17.2 Upon the occurrence of an Event of Default described in
subsections 16.1(g) and (h), the remedy set forth in subsection 17.1(d) shall be
deemed to have been exercised immediately and automatically without any act or
declaration of Lessor, and the liquidated damages described therein shall be
immediately due and payable.
17.3 Lessee shall pay all costs and expenses, including but not
limited to reasonable legal fees incurred by Lessor, arising out of or in
connection with any Event of Default under any Lease Schedule. Lessee shall also
be liable for any amounts due and payable to Lessor under any other provision of
any Lease Schedule or this Master Agreement, including but not limited to
amounts due and payable under Section 18 below.
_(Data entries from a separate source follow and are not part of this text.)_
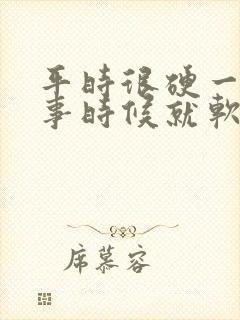 平时很硬一到办事时候就软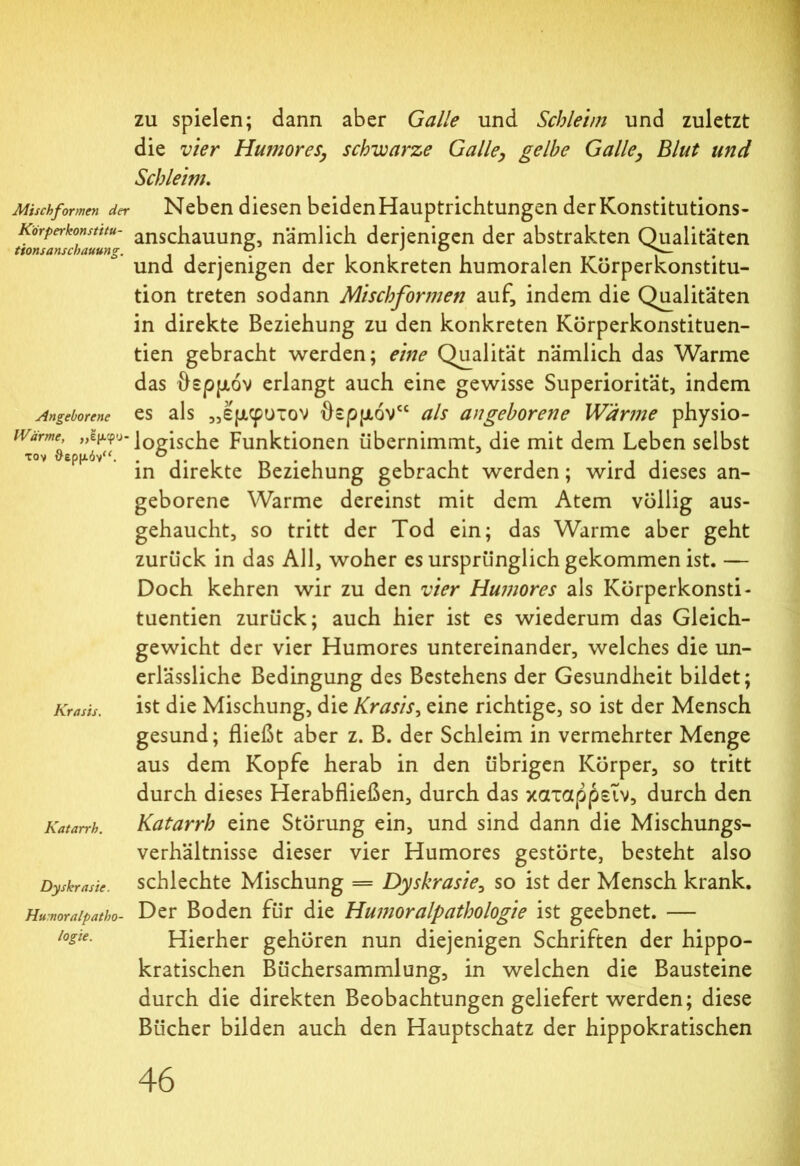 Mischformen der Korperkonstitu- t'tonsanschauung. Angeborene Wärme, ,,Ιμφυ τον θερμόν“. Krasis. Katarrh. Dy skr aste. Humoralpatho- logie. zu spielen; dann aber Galle und Schleim und zuletzt die vier Humoresschwarze Galle, gelbe Galle, Blut und Schleim. Neben diesen beidenHauptrichtungen der Konstitutions- anschauung, nämlich derjenigen der abstrakten Qualitäten und derjenigen der konkreten humoralen Körperkonstitu- tion treten sodann Mischformen auf, indem die Qualitäten in direkte Beziehung zu den konkreten Körperkonstituen- tien gebracht werden; eine Qualität nämlich das Warme das θερμόν erlangt auch eine gewisse Superiorität, indem es als „έμφυτον θερμόν“ als angeborene Wärme physio- logische Funktionen übernimmt, die mit dem Leben selbst in direkte Beziehung gebracht werden; wird dieses an- geborene Warme dereinst mit dem Atem völlig aus- gehaucht, so tritt der Tod ein; das Warme aber geht zurück in das All, woher es ursprünglich gekommen ist. — Doch kehren wir zu den vier Humores als Körperkonsti- tuentien zurück; auch hier ist es wiederum das Gleich- gewicht der vier Humores untereinander, welches die un- erlässliche Bedingung des Bestehens der Gesundheit bildet; ist die Mischung, die Krasis, eine richtige, so ist der Mensch gesund; fließt aber z. B. der Schleim in vermehrter Menge aus dem Kopfe herab in den übrigen Körper, so tritt durch dieses Herabfließen, durch das καταρρεΐν, durch den Katarrh eine Störung ein, und sind dann die Mischungs- verhältnisse dieser vier Humores gestörte, besteht also schlechte Mischung = Dyskrasie, so ist der Mensch krank. Der Boden für die Humoralpathologie ist geebnet. — Hierher gehören nun diejenigen Schriften der hippo- kratischen Büchersammlung, in welchen die Bausteine durch die direkten Beobachtungen geliefert werden; diese Bücher bilden auch den Hauptschatz der hippokratischen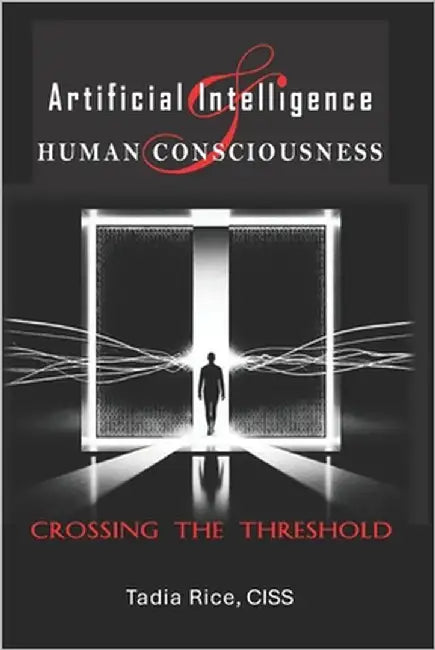Artificial Intelligence & Human Consciousness: Crossing The Threshold by Rice, Tadia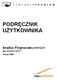 PODRĘCZNIK UŻYTKOWNIKA. Analizy Finansowe premium dla WINDOWS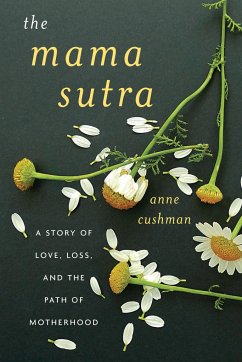 The Mama Sutra: A Story of Love, Loss, and the Path of Motherhood - Cushman, Anne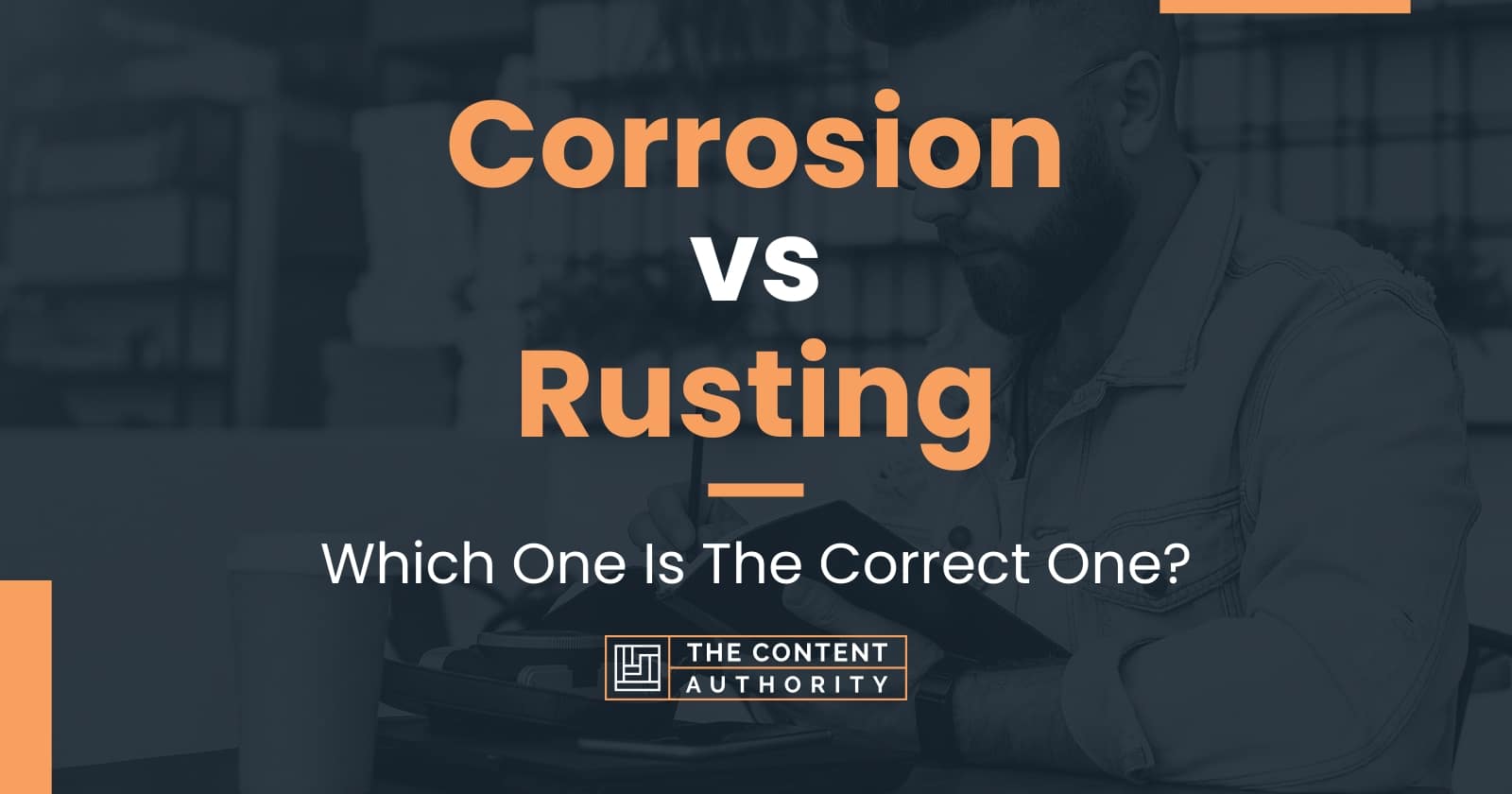 Corrosion vs Rusting Which One Is The Correct One?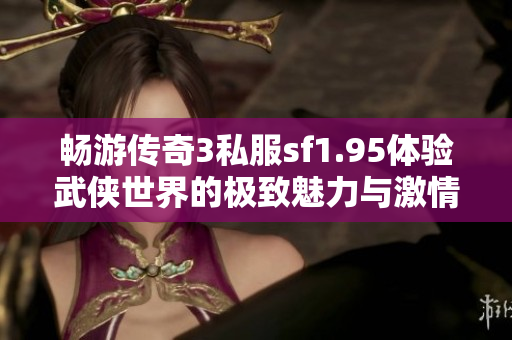 畅游传奇3私服sf1.95体验武侠世界的极致魅力与激情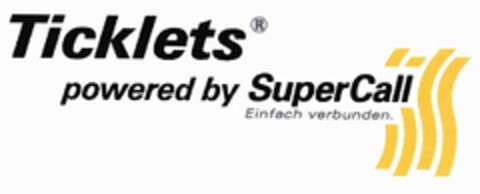 Ticklets powered by SuperCall Einfach verbunden. Logo (EUIPO, 01/02/2001)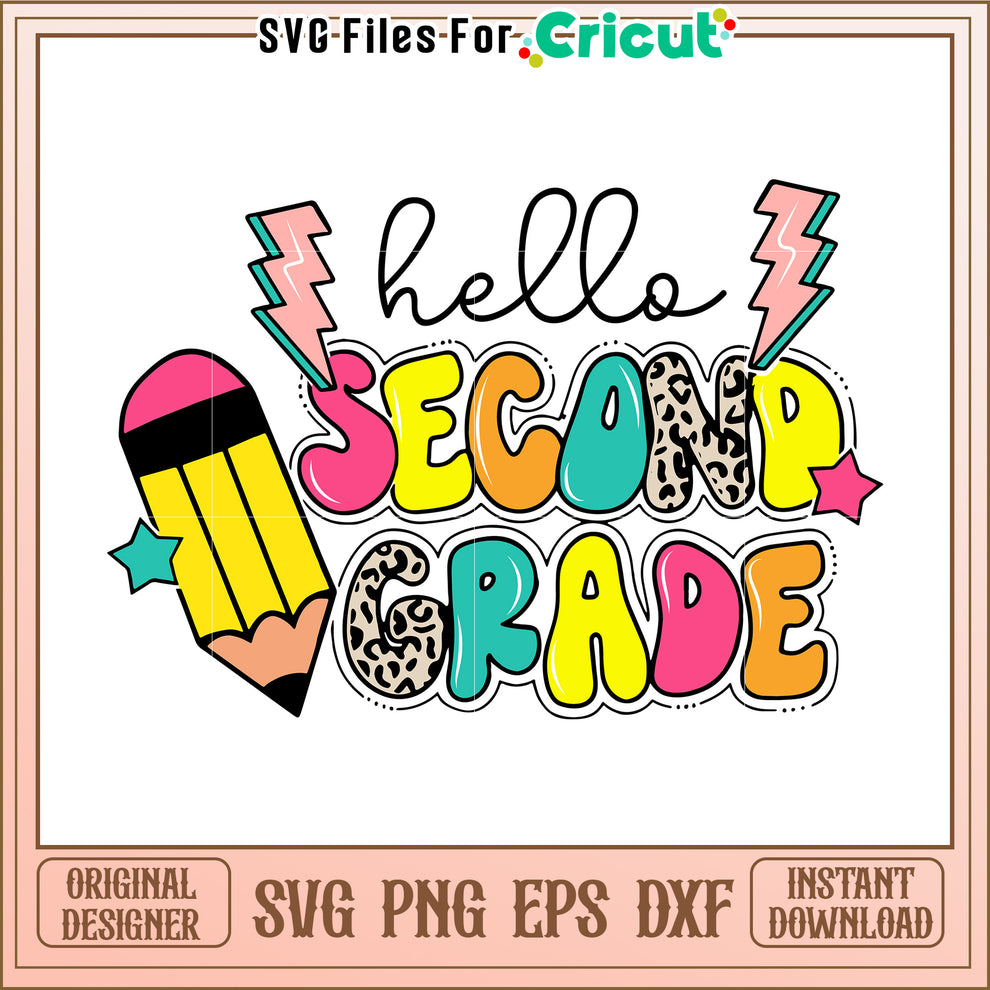 Hello Second Grade SVG Design – svg files for cricut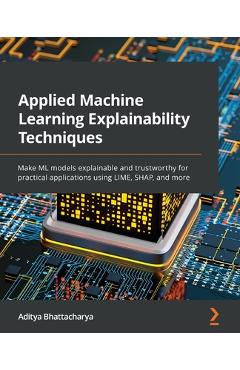 Coperta cărții 'Applied Machine Learning Explainability Techniques: Make ML models explainable and trustworthy for practical'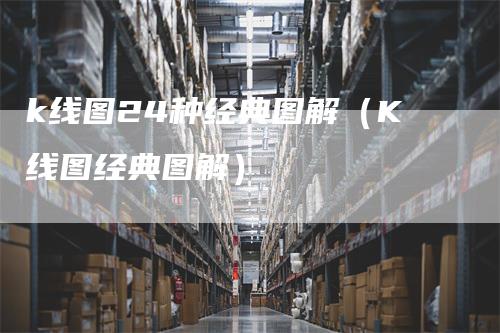 k线图24种经典图解（K线图经典图解）-领航期货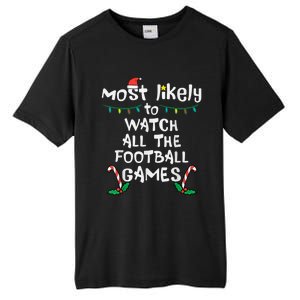 Funny Most Likely Watch Football Christmas Santa Hat Xmas Cute Gift Tall Fusion ChromaSoft Performance T-Shirt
17.4 No failure on the part of Lessor to exercise, and no delay in
exercising, any right or remedy hereunder shall operate as a waiver thereof. No
single or partial exercise of any right or remedy hereunder shall preclude any
other or further exercise thereof or the exercise of any other right or remedy.
Each right and remedy provided hereunder is cumulative and not exclusive of any
other right or remedy including, without limitation, any right or remedy
available to Lessor at law, by statute or in equity.
18. Tax Indemnification.
18.1 Lessee represents and warrants that the Equipment is and will
remain, during the entire Initial Term and any Extended Term, property used in a
trade or business or for the production of income within the meaning of Section
167 of the Internal Revenue Code of 1986, as amended ("Code"). Lessee further
acknowledges and agrees that, pursuant to the Code, Lessor or its affiliated
group, as defined in Section 1504 of the Code ("Affiliated Group"), (i) shall be
entitled to deductions for the recovery of the Acquisition Cost of the Equipment
over the recovery period as set forth in the applicable Lease Schedule, using
the Modified Accelerated Cost Recovery System as provided by Section 168(b)(1)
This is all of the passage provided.